So the device _ue0_ is created, but until we pair we won't have connectivity. Go back to the directory where you compiled ipheth-pair and run it. If all goes well it'll just drop you back to prompt without error message, and the blue title "Internet Tethering" will start blinking below the status bar of your iPhone.

Just poll the device via DHCP and you're good to go.

`# dhclient ue0`

Note : for some reason, DHCP client does not push default gateway to my routing table and DNS server entry into resolv.conf. Default gw is the address you'll get your lease from (in my case 172.10.20.1), but the DNS server isn't, in my case it's 10.48.65.30 (note it's still private scope). I had to connect my phone to Windows machine to see what kind of address USB<->ETH adapter over there gets. 
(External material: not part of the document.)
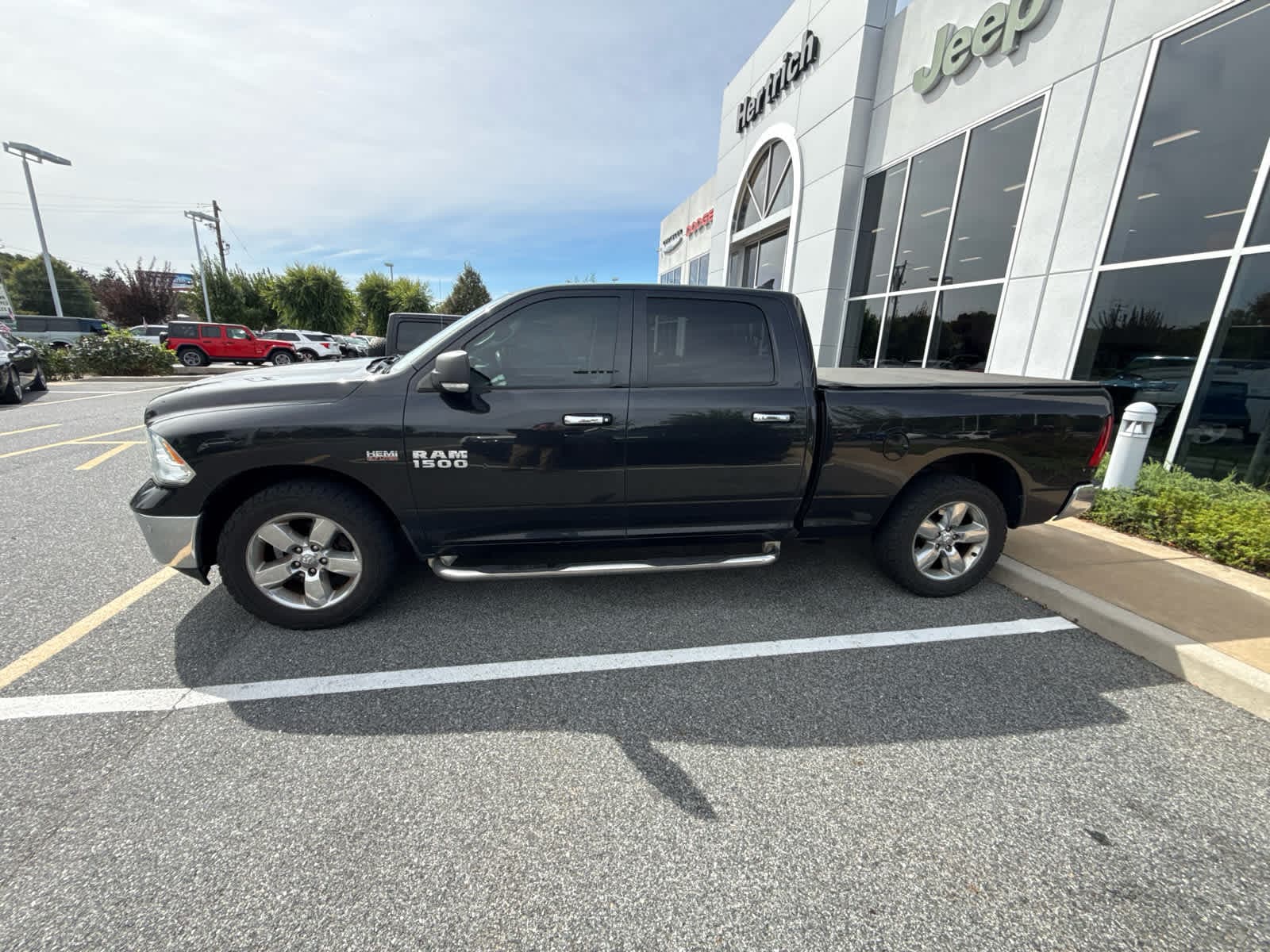 2016 RAM 1500 Big Horn — photo 1 of 8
I haven't had time to check stability of this mechanism.


----------



## vermaden (Dec 9, 2010)

Does it work for ANY iPhone, or only for older ones, or only for lates ones?
Does it work for hacked/jailbroken iPhones?


----------



## Zare (Dec 9, 2010)

I have iPhone 3GS. It should work with 3G and 4 also. And author of _ipheth_ driver says it should work on 2G's with some patches. Since this mechanism is using Apple's protocol (you have same functionality in Windows or OSX), your phone doesn't have to be jailbroken.

I'm sorry, you asked does it work for jailbroken phones? Yes it does, my phone is jailbroken. Because jailed iPhone is really a dumb brick. 

Keep in mind that jailbreaking doesn't modify system software, which recent cases against Apple proved. On the other hand, unlocking modifies system baseband code and i'm not sure would it work. There's no sane reason why it shouldn't but my phone isn't unlocked so i can't be 100% sure.


----------